I was able to implement algorithm 2 of Progressive Distillation... and tried to make it work for v-parametrization. So far it's looking like it works (can distil from 256 to 4 steps, loosing quality on the way), although I am pretty sure I have overlooked some details. Would you know if Katherine or anyone else might be able to help get the math right ?

My current implementation is hacking your Imagen class and looks terrible but if you are interested, the main code is here and closely follows the variable names from the paper cited above.

I am trying to get the algorithm right first and will try to spend more time later on to make the code more professional.

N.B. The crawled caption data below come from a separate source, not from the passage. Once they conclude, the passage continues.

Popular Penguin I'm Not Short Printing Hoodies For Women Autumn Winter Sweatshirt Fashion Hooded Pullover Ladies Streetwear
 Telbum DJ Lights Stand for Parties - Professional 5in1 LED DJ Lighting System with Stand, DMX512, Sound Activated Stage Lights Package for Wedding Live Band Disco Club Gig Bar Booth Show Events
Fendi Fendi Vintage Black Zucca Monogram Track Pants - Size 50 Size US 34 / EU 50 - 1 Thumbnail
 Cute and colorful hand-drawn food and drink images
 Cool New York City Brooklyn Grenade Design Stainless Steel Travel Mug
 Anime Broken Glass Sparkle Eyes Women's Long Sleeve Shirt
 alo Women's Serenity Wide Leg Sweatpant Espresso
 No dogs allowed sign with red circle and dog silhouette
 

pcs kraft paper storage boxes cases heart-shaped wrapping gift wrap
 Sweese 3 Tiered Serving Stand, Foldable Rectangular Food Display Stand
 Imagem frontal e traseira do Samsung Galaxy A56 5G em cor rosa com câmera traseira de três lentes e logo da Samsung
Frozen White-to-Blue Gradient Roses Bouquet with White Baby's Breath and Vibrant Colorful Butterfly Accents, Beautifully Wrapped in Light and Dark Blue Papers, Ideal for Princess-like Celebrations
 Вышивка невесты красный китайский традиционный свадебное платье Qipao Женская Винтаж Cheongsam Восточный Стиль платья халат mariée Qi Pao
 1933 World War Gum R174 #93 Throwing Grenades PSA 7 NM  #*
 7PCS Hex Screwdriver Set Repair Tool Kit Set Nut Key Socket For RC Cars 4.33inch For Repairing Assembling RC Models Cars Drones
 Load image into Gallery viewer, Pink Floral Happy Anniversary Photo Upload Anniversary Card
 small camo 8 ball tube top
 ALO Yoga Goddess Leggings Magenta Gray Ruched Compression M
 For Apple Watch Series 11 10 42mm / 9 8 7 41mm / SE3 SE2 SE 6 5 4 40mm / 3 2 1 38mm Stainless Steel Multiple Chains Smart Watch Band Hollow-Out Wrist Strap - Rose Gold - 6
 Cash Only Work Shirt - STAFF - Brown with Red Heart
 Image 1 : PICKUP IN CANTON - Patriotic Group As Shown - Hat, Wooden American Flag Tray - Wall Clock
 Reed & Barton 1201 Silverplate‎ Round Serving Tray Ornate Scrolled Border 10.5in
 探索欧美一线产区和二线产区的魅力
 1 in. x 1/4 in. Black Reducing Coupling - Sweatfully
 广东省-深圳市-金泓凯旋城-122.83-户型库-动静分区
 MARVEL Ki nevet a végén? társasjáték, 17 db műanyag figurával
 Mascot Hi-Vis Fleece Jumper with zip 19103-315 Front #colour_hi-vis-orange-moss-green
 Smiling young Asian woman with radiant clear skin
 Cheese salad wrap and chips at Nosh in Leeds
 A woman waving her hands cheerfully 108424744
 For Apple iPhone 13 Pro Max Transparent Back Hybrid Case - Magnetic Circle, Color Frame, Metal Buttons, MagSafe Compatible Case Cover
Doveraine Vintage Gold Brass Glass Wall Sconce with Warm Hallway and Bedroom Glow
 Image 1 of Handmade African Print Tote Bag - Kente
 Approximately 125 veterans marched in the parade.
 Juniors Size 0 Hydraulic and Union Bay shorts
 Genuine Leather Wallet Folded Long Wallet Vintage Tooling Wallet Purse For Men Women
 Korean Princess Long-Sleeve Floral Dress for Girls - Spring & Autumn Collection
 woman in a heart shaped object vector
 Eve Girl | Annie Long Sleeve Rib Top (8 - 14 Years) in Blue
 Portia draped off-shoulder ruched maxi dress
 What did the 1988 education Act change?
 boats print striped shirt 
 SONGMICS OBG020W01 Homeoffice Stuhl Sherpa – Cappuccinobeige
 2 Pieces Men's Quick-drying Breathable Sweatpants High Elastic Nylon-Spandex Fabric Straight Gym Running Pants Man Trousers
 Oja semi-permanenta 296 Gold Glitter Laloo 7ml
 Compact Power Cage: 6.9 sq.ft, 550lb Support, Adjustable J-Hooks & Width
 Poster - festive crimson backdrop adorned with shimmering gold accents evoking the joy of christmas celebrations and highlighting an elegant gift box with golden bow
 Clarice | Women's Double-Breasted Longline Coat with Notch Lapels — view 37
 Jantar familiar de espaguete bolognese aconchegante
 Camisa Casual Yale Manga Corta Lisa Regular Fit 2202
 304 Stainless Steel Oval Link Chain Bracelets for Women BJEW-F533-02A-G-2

I have many colleagues looking into diffusion and having a simple method to reduce sampling time is interesting to some of them for high resolution images, 3D volumes and sequences

lucidrains commented 1 year ago

@HReynaud hey! haven't even started yet, running behind :cry:

thank you for sharing your implementation! i think your best bet is to find someone on the Laion discord who is also working with distillation, if you need a second pair of eyes (or perhaps join forces with @jameshball , maybe meet up at the campus cafeteria and review the paper and code together)

realistically, i can only get to distillation early next month

jameshball commented 1 year ago

I think it's also going to be a next month ordeal for me - but let's make it happen!

lucidrains commented 1 year ago

@HReynaud will be getting back into this later this month, sorry i'm way behind on schedule

new development!

HReynaud commented 1 year ago

Hi Phil, no worries, your work has helped me a tremendously already.

I came across this paper this morning and it looks very promising indeed ! We'll definitely have 2-step diffusion models by the end of the year 😄